The Chemistry for the Future Solvay Prize recognizes major scientific discoveries with the potential to shape tomorrow’s chemistry and help human progress.

Created in 2013, the Solvay Prize perpetuates Ernest Solvay’s, lifelong support of and passion for scientific research. Our objective is to endorse basic research and highlight the essential role of chemistry, both as a science and an industry, in helping solve some of the world’s most pressing issues. Every two years, the most promising project is awarded a €300,000 prize. The Chemistry for the future Solvay Prize was first awarded to Professor Peter G. Schultz and later to Professor Ben Feringa in 2015, who went on to receive the 2016 Nobel Prize in Chemistry, and to Professor Susumu Kitagawa in 2017.

The new Laureate of the Solvay Prize will be announced in January 2020. Stay tuned!


Selection process

Who better to nominate tomorrow’s brightest minds, than today’s most eminent scientists. They hail from prestigious science institutions, chemical associations and past and present Advisory Committees and Scientific Committees for Chemistry of International Solvay Institutes. They include previous laureates of the Rhodia Pierre Gilles de Gennes Prize, guests of Solvay Conferences in Chemistry and other distinguished individuals.

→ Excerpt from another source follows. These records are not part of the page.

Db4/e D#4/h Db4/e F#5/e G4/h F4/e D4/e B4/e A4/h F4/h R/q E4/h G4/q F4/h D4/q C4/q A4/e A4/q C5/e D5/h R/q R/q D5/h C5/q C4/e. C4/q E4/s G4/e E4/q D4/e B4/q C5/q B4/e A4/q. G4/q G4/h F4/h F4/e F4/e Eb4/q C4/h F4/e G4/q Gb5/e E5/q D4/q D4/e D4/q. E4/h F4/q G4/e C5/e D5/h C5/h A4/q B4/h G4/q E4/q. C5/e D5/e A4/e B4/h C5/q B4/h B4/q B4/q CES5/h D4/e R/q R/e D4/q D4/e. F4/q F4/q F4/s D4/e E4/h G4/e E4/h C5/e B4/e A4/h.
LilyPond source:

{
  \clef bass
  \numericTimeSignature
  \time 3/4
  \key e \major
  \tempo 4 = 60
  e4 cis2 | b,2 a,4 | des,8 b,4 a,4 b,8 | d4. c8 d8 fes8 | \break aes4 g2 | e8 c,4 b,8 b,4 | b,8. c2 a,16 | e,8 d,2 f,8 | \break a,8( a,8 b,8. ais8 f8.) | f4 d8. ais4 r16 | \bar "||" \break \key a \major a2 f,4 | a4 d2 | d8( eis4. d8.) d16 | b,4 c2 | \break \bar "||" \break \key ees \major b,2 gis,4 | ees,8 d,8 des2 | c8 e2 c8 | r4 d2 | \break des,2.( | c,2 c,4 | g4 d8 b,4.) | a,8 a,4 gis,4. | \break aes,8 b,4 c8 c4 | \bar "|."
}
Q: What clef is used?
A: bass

This illustrious nomination committee first proposes external candidates whose achievements in the field of chemistry – biochemistry, material sciences, soft matter, biophysics and chemical engineering – will shape the chemistry of the future.

From this list of candidates, the international jury then selects the winner of the Chemistry for the future Solvay Prize.


Meet the jury

Solvay Prize Jury (2017)
Back, left to right: Dr Patrick Maestro, Pr Anne De Wit, Dr Paul Baekelmans, Pr Jean-Marie Lehn, Pr Paul Chaikin
Front, left to right: Pr Håkan Wennerström, Pr Gerhard Ertl

Håkan Wennerström, President of the jury, is Professor of theoretical and physical chemistry at the University of Lund, Sweden. He is a former chairman of the jury for the Nobel Prize in Chemistry.

Paul Chaikin, Professor of Physics at the New York University, USA, specializes in solid state physics, in particular soft matter.

Gerhard Ertl, Professor emeritus at the Department of Physical Chemistry, Fritz-Haber-Institut der Max-Planck-Gesellschaft in Berlin, Germany, won the Nobel Prize in Chemistry for his studies of chemical processes on solid surface.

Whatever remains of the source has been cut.